_Prompt_
For this exercise, copy exactly the lines below from the one with "Don Swann Watercolor" through the one with "Juguete De Octopus" and leave out the pictures.

_Data for this exercise_
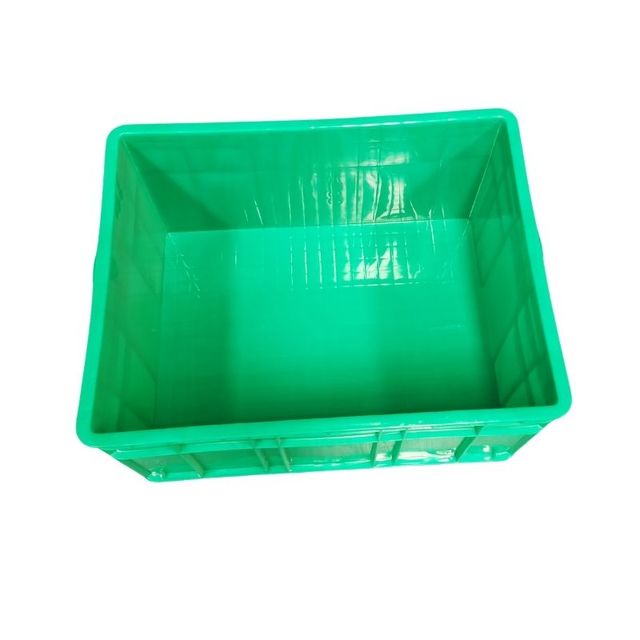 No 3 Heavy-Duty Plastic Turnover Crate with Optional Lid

---

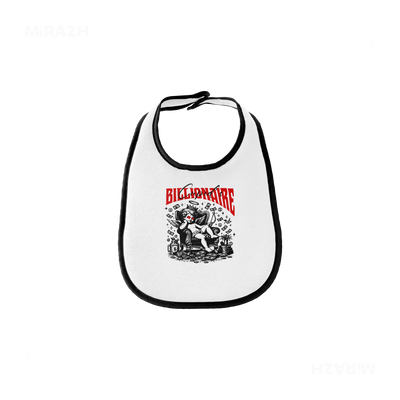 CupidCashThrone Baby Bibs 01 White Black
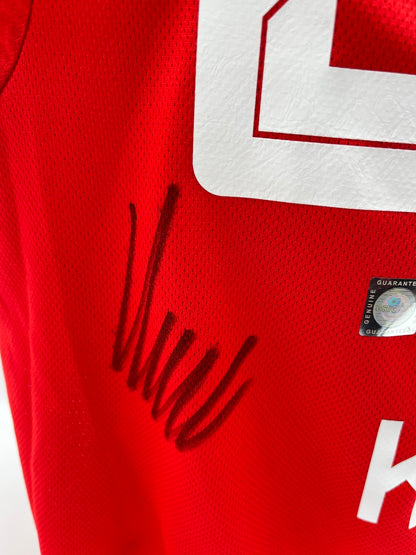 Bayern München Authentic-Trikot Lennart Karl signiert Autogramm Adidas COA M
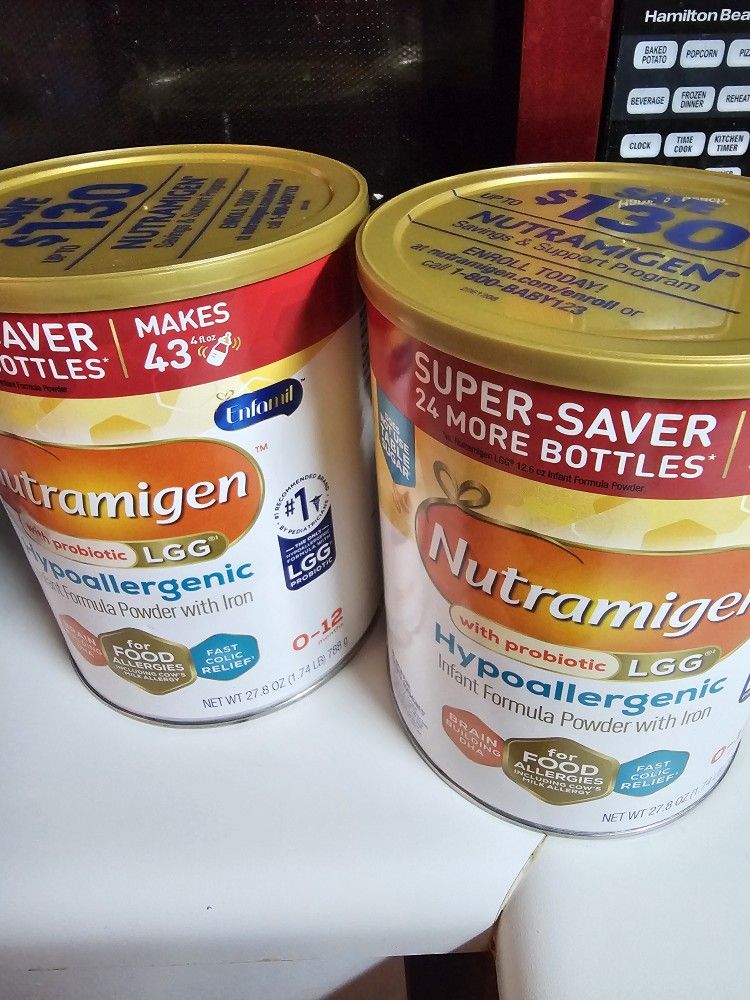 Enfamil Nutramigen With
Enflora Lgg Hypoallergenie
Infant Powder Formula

---

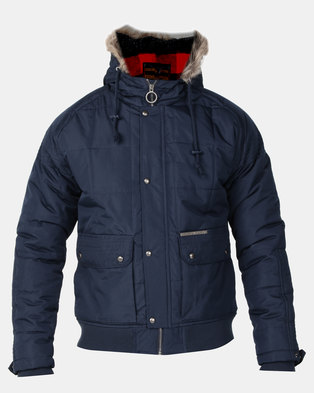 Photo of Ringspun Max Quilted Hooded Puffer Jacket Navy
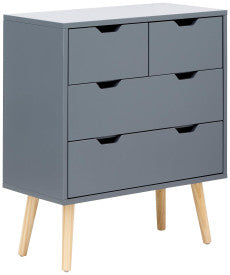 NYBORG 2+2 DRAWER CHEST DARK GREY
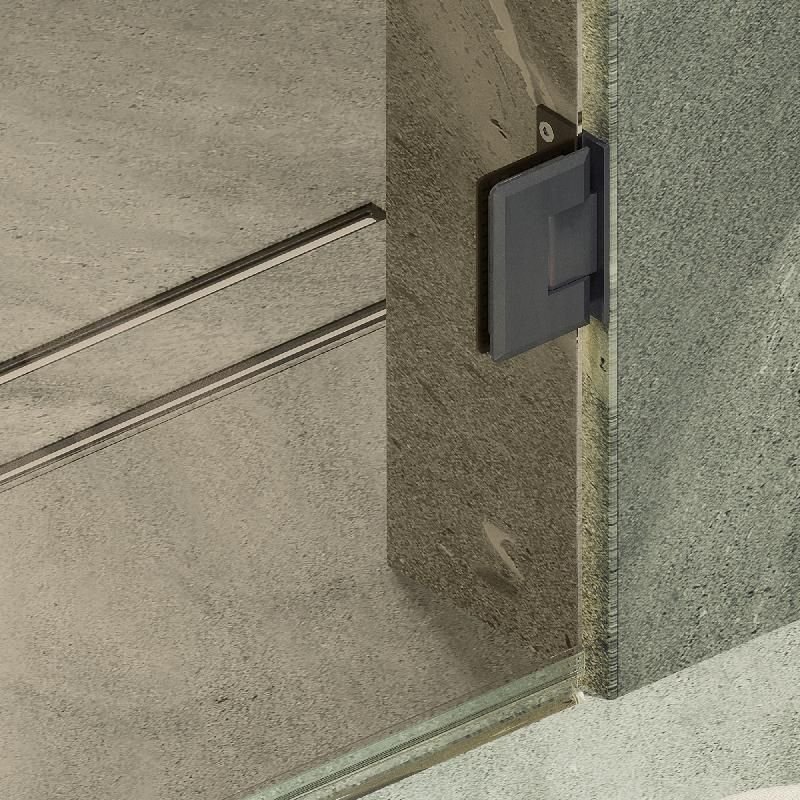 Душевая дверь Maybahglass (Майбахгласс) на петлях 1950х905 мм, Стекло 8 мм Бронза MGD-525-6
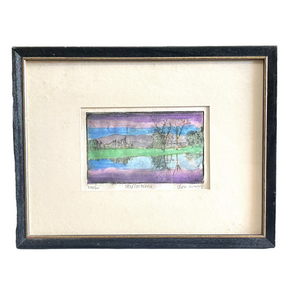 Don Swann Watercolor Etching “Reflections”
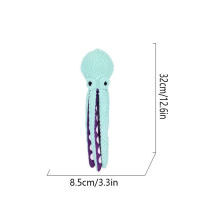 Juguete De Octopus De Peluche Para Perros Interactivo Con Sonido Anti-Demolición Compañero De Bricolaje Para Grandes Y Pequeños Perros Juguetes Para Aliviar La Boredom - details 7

_Written reply_
 Don Swann Watercolor Etching “Reflections”
 Juguete De Octopus De Peluche Para Perros Interactivo Con Sonido Anti-Demolición Compañero De Bricolaje Para Grandes Y Pequeños Perros Juguetes Para Aliviar La Boredom - details 7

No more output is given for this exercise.